Así que durante un par de años tuve que conformarme con leer sus textos sueltos por ahí. Los libros digitales no eran lo mío, así que me conformaba con leer sus poemas esparcidos por ahí y algunos extractos de cuentos. Aquel lenguaje era espectacular, aquella forma de llamar al pan, pan y sobaco al sobaco era magnífica. Además yo siempre he tenido una debilidad por las historias de perdedores y aquel tipo era el perdedor por excelencia.
Tras algún tiempo, los libros fueron llegando. Me regalaron un par. Eran libros de cuentos con los nombres más geniales del mundo y con las historias más increíbles que la miseria de aquellos años y de aquellos sitios podía regalar.
Bukowski se había ganado conmigo un fan para toda la vida, o eso pensé en aquellos primeros momentos de luna de miel literaria.
Estaba equivocado: el fuego se fue apagando. Cualquiera que haya leído al viejo Hank sabe que, si se lee con demasiadas ganas y por demasiado tiempo, el efecto comienza a caducar poco a poco. Las jocosas anécdotas de cómo se emborrachaba, tenía sexo, vomitaba o se peleaba con algún profesor universitario comenzaron a hartarme un poco. Llegué incluso a pensar que aquella figura de ser el eterno inconforme no era más que una pose.
Bukowski era el último escritor maldito y yo ya estaba harto de todos sus bastardos, y, por extensión, de él. Así que corté por lo sano y lo dejé en paz un par de meses, quizás años.
Hasta que alguien recomendó Ham on Rye (La senda del perdedor). Una fantástica novela que narraba en primera persona la infancia del viejo. Aquella novela me sirvió en dos sentidos: 1. Fue muy reconciliación con los libros digitales; 2. Fue mi reconciliación con la literatura de Bukowski.

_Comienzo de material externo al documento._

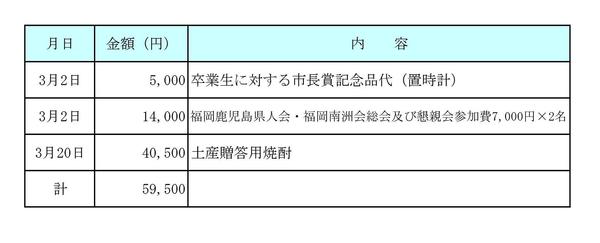 平成30年3月分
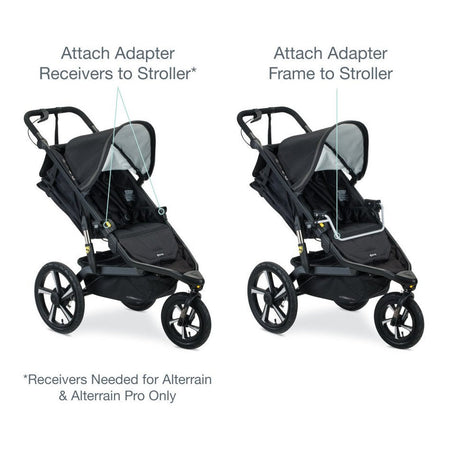 Single Jogging Stroller Adapter for Select Britax Infant Car Seats with ClickTight Stroller Accessories BOB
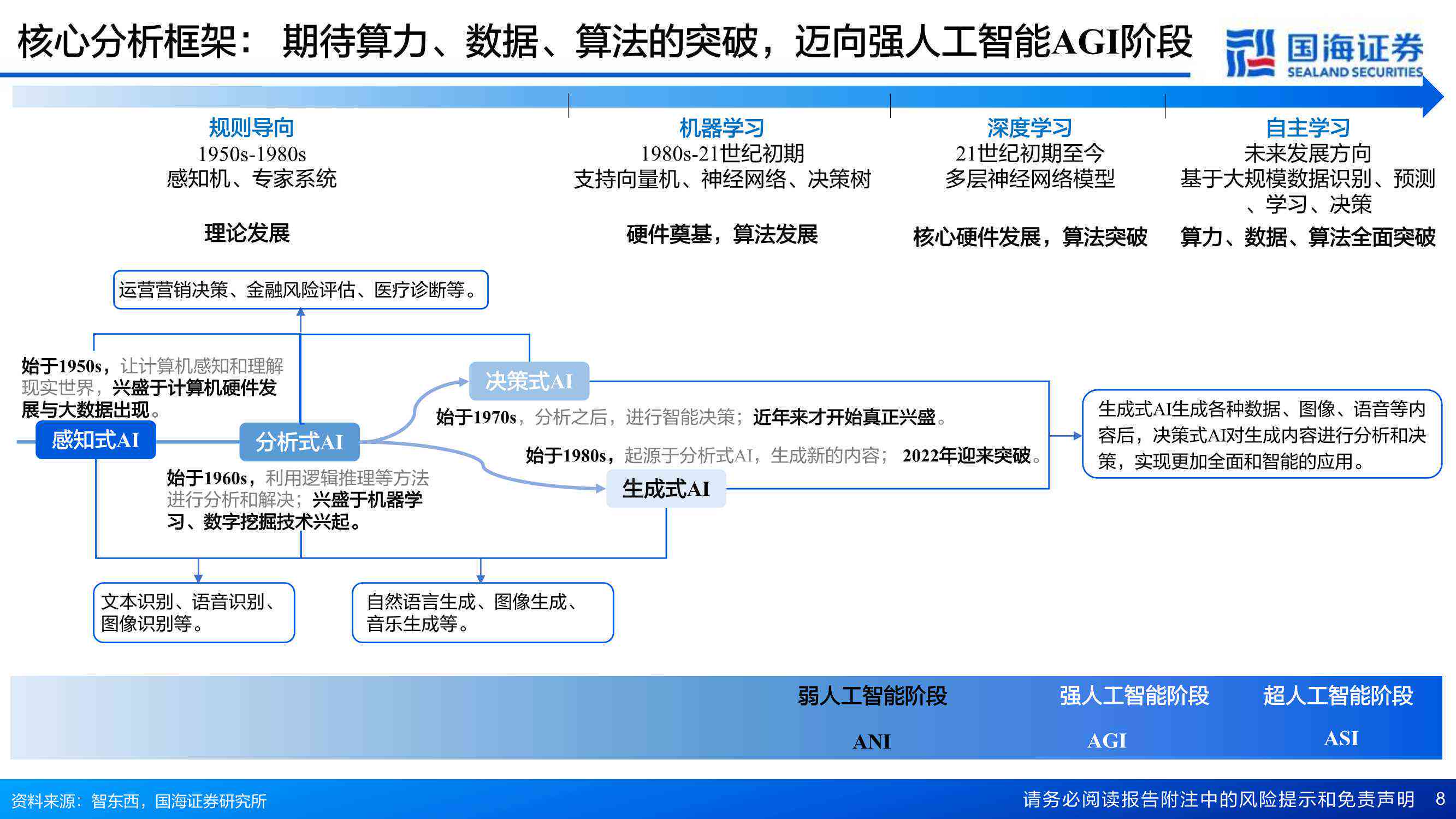 深入探索AI领域：全面解读最新人工智能论文及研究进展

Aunque más que una reconciliación, creo que fue un cambio de enfoque: después de leerla, tuve que volver a examinar todos los libros y textos que había leído de él hasta la fecha.
Henry Charles Bukowski, que el pasado 16 de agosto hubiese cumplido 96 años, es muchísimo más que un escritorzuelo al que le encantan los “coños”, el whisky y la soledad: es un artista de aquellas calles caóticas de mediados del siglo pasado. Amo y señor de una filosofía proletaria, que respiró el pulso de las ciudades al tiempo que hacía malabares para sobrevivir a la economía más pujante del mundo. Y lo hizo todo mientras un pájaro azul pugnaba por salirle de su nauseabundo corazón.
Qué suerte para nosotros que todavía queden viejos indecentes por ahí: poetizando la miseria que va dejando el sistema, romantizando la resistencia intelectual, señalando la belleza en los escenarios más cutres de las urbes.